Il est impossible de charger le moindre fichier sur la tablette, qui n'autorise que la lecture des fichiers chargés lors de la configuration usine. "Cette règle est valable pour tous les fichiers, dont les formats .html et les fichiers texte", explique Grunow. Lorsqu'un utilisateur tente d'ouvrir un document, l'appareil vérifiera la signature numérique du fichier ; s'il n'a pas été généré par la tablette elle-même (une photo prise par l'utilisateur, par exemple) ou par le gouvernement, il ne s'ouvrira pas. Grunow nous en a fait la démonstration en tentant d'ouvrir un .apk en provenance d'une application tierce, sans succès.

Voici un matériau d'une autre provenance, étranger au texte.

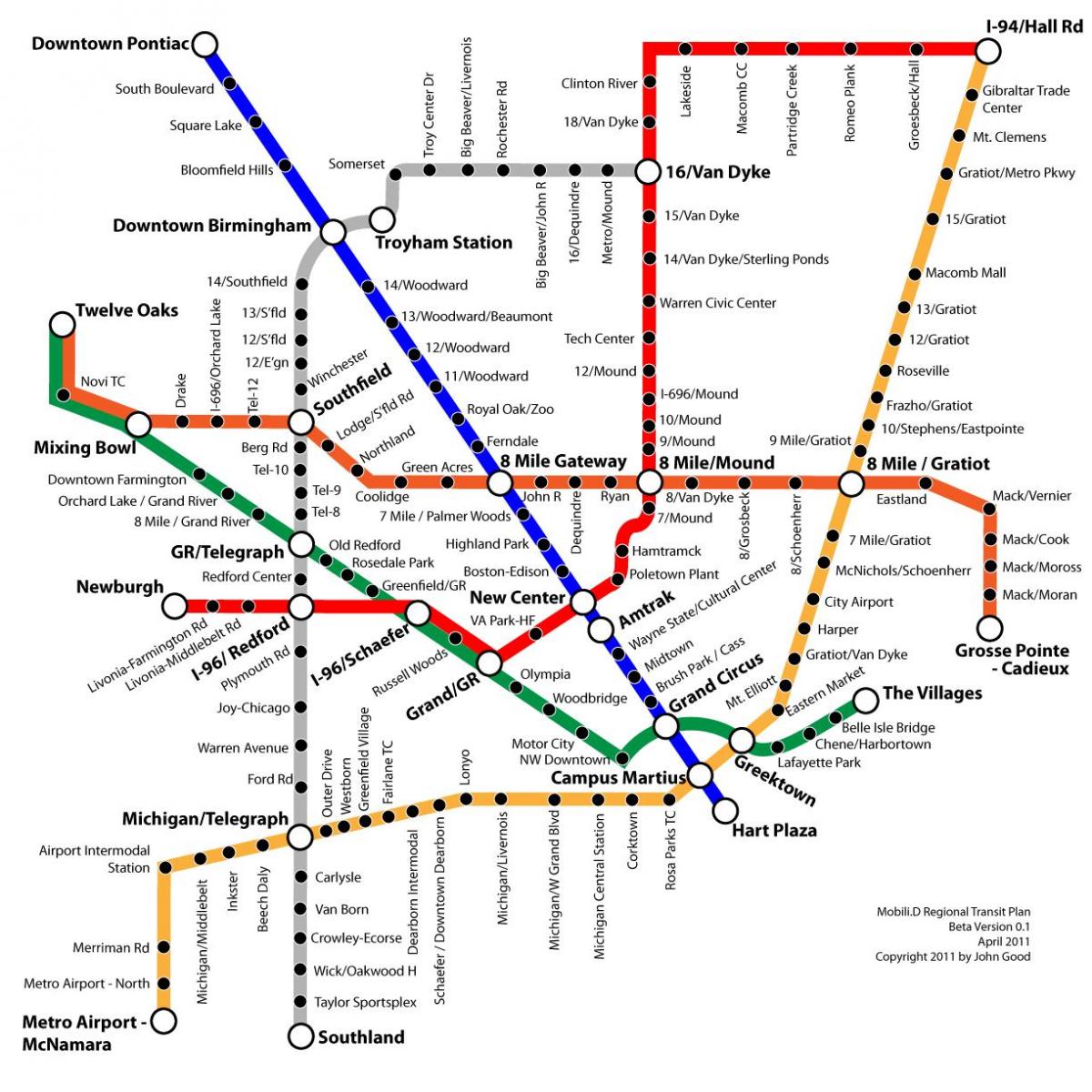 Detroit transit hartë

"Pour un utilisateur lambda habitant en RPDC, il est presque impossible de contourner l'algorithme de vérification de signature numérique", a déclaré Grunow.

Woolim conserve également de manière permanente les onglets ouverts par les utilisateurs. Chaque fois qu'un utilisateur ouvre une application, la tablette prend une capture d'écran. Celles-ci ne peuvent plus être supprimées de l'appareil par la suite.

"Le message du gouvernement est clair : nous savons ce que vous faites", ajoute Grunow.

Il est encore difficile de déterminer qui, en Corée du Nord, a accès à ce modèle de tablette. Grunow estime que le hardware chinois coûte environ 160-200 euros, et que le tout doit être vendu un peu plus cher en Corée du Nord. "La cible est probablement assez fortunée, on ne parle déjà plus de la classe moyenne", conclue Grunow.